Schlimmer als Missbrauch: Mobbing in der Kindheit führt zu langfristigen psychischen Problemen


Wie folgenschwer kann Mobbing sein? Eine neue Studie zeigt, dass die Langzeit-Auswirkung auf die psychische Gesundheit sogar noch negativer sein könnte als durch Kindesmissbrauch.

Die Studie unter der Leitung von Professor Dieter Wolke ist die erste dieser Art, die die Auswirkungen von Misshandlungen durch Erwachsene direkt mit Mobbing durch Gleichaltrige vergleicht und mögliche Effekte auf die mentale Gesundheit (wie Angst, Depressionen, Autoaggression, suizidale Tendenzen) im jungen Erwachsenenalter untersucht.

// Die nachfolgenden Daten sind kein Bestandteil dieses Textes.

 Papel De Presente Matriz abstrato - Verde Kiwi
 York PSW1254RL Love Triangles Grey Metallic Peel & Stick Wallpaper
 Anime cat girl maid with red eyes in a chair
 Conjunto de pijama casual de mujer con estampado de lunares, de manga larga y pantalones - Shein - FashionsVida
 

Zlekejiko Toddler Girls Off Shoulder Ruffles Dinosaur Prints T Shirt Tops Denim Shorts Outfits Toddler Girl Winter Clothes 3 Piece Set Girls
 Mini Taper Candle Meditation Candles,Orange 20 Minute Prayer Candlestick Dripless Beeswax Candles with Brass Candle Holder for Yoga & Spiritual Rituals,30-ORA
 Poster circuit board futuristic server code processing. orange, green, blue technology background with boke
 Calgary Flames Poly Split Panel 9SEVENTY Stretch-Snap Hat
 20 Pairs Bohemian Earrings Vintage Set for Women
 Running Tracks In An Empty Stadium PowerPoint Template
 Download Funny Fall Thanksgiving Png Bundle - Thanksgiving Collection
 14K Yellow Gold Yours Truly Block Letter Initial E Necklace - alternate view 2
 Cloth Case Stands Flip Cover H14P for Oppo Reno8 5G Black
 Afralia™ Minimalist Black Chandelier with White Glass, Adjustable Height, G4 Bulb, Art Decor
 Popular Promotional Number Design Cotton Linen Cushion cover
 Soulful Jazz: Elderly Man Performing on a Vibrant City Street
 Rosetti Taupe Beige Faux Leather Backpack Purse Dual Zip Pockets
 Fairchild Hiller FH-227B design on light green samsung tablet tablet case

Die Studie wurde im The Lancet Psychiatry Journal publiziert basiert auf zwei langfristigen Forschungsprojekten in England und in den USA. In England untersuchte die Avon Longitudinal Study of Parents and Children (ALSPAC) ungefähr 4.000 Kinder. In North Carolina wurden mehr als 1.200 Kinder in die Great Smoky Mountains Studie aufgenommen.

Unter den Befragten waren 30 % der Kinder in England und 16 % in North Carolina schikaniert worden. In England waren 8 % und in den USA 15 % Opfer von Kindesmissbrauch geworden. Schließlich hatten 10 % der amerikanischen und 7 % der englischen Kinder sowohl Kindesmissbrauch als auch Mobbing erlebt.

Überraschendes Ergebnis

Bei der Analyse der beiden Studien (unter Berücksichtigung bestimmter Faktoren wie Geschlecht und sozioökonomischem Status) fanden die Forscher heraus, dass die amerikanischen Kinder, die misshandelt worden waren, ein erhöhtes Risiko für spätere psychische Probleme haben.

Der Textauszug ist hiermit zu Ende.